Lui, Luigi Veronelli il provocatore, è morto cinque anni fa, lasciando a tutti noi un’eredità pesante di impegni.
Qualcuno passa, raccoglie e va, come nella quercia carducciana: il valore si scopre nell’azione, la grandezza del valore si evidenzia nell’assenza.
In questo momento di degrado etico, di caduta del gusto non posso che ricordare i suoi gesti, guasconi a volte, provocatori sempre, eccessivi mai; sempre misurati all’importanza dell’evento, attenti a marcare le sottili differenze che creano valori identitari.
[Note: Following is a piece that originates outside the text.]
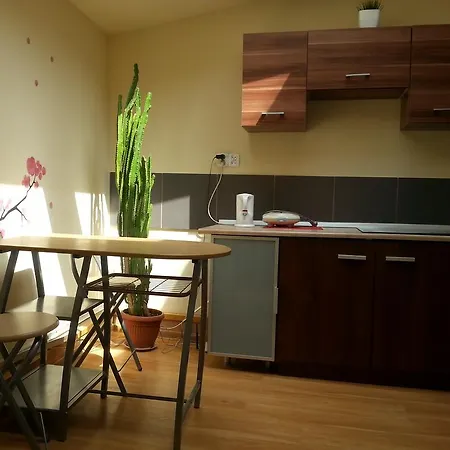 Apart & Hostel Guest Room Brendan Krakow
Le sue labbra grosse ad assaporare il dettaglio che sfugge ai più, il senso stesso delle cose.
Come un nuovo Tiresia capace di vedere lontano, oltre la vista, nel mondo dove vivono le soluzioni.
Non dimentichiamo che questo è stato.
Luigi Veronelli il provocatore è morto in anticipo, ci aveva fatto credere di vivere 103 anni, e ci ha fregati.
Noi ci eravamo adagiati nella sua presenza e non ci siamo accorti che era stato non un cronista ma un creatore.
Ha dovuto morire per farcelo capire, perché rileggessimo quello che ha scritto e camminassimo le vigne da lui create.
D’altronde ce l’aveva detto: qui bene latet bene vivit (vive bene chi bene si nasconde), c’era scritto all’ingresso della sua casa per cui Luigi Veronelli il provocatore, l’ateo, l’anarchico, beffardamente ride e vive ottimamente.